Google Drive and Amazon S3 are not file systems as you normally think of them (if you thought of filesystems at all). While they store files and you can make directories, the underlying storage is an object store - a technology derived from the web which is great for storing large numbers of unrelated file objects and retrieving them fairly quickly. While many object stores have what’s called a POSIX layer on top to fake being a normal filesystem, object filesystems are really good at some things and (currently) fairly poor at others. Here’s a more extensive description of the differences.

Also, once your files are on the remote cloud storage, unless it’s on a pretty good POSIX emulation, you won’t be able to do some things you be able to on your own laptop. Also, unless you spin up a remote, cloud-based Virtual Machine (VM) and point it at your storage, you won’t be able to do some useful things to your remote files, like unzipping/untarring them, and especially, rsyncing them.

There are some GOTCHA’s. In order to maximize your bandwidth, you’ll have to move lots of data at once, in parallel, optimally organized as multi-GB files. Also, Google Drive only allows 2 files/sec to enter or leave their storage cloud, so if you’re trying to transfer unmodified ZOTfiles, you’ll be waiting a long, long time.

Google Drive is not Google Storage.

Your UCI Google Drive is free but there is no such agreement for Google Cloud Storage. Drive is built on Google’s Storage platform, but has some different semantics and is certainly licensed & monetized differently.

UCI’s agreement with Google gives every UCI-affiliated person 10TB of space on Google Drive. In fact, that limit is not (currently) enforced; I have pushed 125TB to my own Google Drive without objection (yet) from Google. The problem with that agreement is that the speed at which you can push the data is very low - on the order of 2-5MB/s, via normal connections.

Since we now have a 10Gb/s interface to our high-speed research DMZ (aka Lightpath), we can exploit that high-speed connection to UCI’s Internet Service Provider (ISP) CENIC to enable data transfers to Google Drive at much higher speeds with a fairly new utility called rclone that can increase bandwidth dramatically.
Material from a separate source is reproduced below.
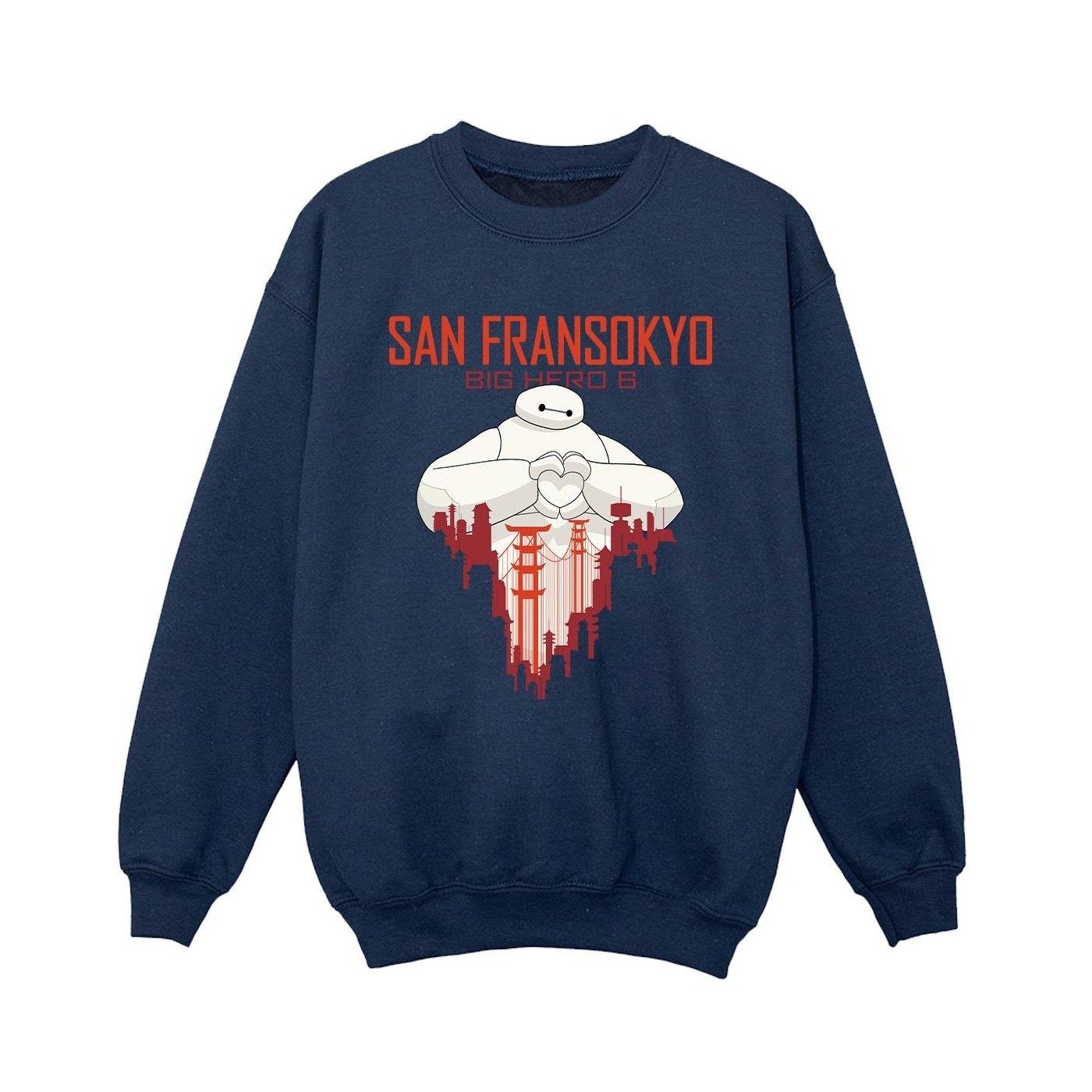 Disney Big Hero 6 San Fransokyo Sweatshirt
Log of 125TB transfered to Google Drive at >400MB/s

lightpath rclone upload

3. rclone

rclone is written in Google’s Go Language, sort of a cloud version of rsync and is installed on HPC for everyone to use. It requires you to set up an authentication with Google (or other cloud service) prior to the data transfer and thereafter maintains that authentication in your %7e/.rclone.conf file. DO NOT LEAVE THIS FILE READABLE BY OTHERS.

Use of rclone is surprisingly straightforward for the amount of under-the-covers authentication it does and supports not only Google Drive, but also Amazon Web Services and a number of other cloud service providers.

3.1. rclone configuration

in order to exploit the high speed connection, you need to be logged into the HPC Lightpath node, compute-1-13. This is also known as our interactive node, and is the default endpoint for the qrsh command. So, from any login node, qrsh will connect you to compute-1-13.
start HPC’s firefox via x2go, log into your UCI account at Google (for example by logging into your Gmail account)
You should now have a bash shell as well as the firefox browser open. If you cannot open firefox, a text-mode browser like lynx may work as well, since it only has to return an alphabetic string.

The following is an annotated transcript of the rclone config command.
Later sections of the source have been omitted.